[Caption-style text data]
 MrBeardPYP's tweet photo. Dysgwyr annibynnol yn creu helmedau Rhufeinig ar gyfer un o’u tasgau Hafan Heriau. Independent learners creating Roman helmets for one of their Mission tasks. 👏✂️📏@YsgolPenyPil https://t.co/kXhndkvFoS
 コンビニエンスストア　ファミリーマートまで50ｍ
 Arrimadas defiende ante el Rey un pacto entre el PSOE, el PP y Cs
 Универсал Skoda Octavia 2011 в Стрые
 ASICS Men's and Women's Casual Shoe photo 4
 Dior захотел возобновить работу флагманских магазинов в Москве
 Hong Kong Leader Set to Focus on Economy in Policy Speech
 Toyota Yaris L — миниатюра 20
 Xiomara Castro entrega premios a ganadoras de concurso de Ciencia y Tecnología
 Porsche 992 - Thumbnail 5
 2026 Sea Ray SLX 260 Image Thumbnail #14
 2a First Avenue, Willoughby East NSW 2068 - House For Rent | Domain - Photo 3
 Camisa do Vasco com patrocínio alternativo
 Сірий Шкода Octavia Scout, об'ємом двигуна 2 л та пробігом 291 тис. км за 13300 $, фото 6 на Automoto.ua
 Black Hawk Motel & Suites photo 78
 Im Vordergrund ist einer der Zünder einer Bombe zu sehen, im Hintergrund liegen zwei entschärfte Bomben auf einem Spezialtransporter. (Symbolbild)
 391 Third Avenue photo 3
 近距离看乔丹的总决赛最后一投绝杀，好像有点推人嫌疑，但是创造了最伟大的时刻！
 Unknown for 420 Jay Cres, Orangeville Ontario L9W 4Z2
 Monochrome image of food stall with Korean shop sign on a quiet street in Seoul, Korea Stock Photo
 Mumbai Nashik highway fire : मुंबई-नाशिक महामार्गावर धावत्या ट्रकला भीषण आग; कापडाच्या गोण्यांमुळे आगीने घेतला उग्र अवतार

| How to complete this task |
Please transcribe all of the entries precisely.

| Result of the exercise |
 MrBeardPYP's tweet photo. Dysgwyr annibynnol yn creu helmedau Rhufeinig ar gyfer un o’u tasgau Hafan Heriau. Independent learners creating Roman helmets for one of their Mission tasks. 👏✂️📏@YsgolPenyPil https://t.co/kXhndkvFoS
 コンビニエンスストア　ファミリーマートまで50ｍ
 Arrimadas defiende ante el Rey un pacto entre el PSOE, el PP y Cs
 Универсал Skoda Octavia 2011 в Стрые
 ASICS Men's and Women's Casual Shoe photo 4
 Dior захотел возобновить работу флагманских магазинов в Москве
 Hong Kong Leader Set to Focus on Economy in Policy Speech
 Toyota Yaris L — миниатюра 20
 Xiomara Castro entrega premios a ganadoras de concurso de Ciencia y Tecnología
 Porsche 992 - Thumbnail 5
 2026 Sea Ray SLX 260 Image Thumbnail #14
 2a First Avenue, Willoughby East NSW 2068 - House For Rent | Domain - Photo 3
 Camisa do Vasco com patrocínio alternativo
 Сірий Шкода Octavia Scout, об'ємом двигуна 2 л та пробігом 291 тис. км за 13300 $, фото 6 на Automoto.ua
 Black Hawk Motel & Suites photo 78
 Im Vordergrund ist einer der Zünder einer Bombe zu sehen, im Hintergrund liegen zwei entschärfte Bomben auf einem Spezialtransporter. (Symbolbild)
 391 Third Avenue photo 3
 近距离看乔丹的总决赛最后一投绝杀，好像有点推人嫌疑，但是创造了最伟大的时刻！
 Unknown for 420 Jay Cres, Orangeville Ontario L9W 4Z2
 Monochrome image of food stall with Korean shop sign on a quiet street in Seoul, Korea Stock Photo
 Mumbai Nashik highway fire : मुंबई-नाशिक महामार्गावर धावत्या ट्रकला भीषण आग; कापडाच्या गोण्यांमुळे आगीने घेतला उग्र अवतार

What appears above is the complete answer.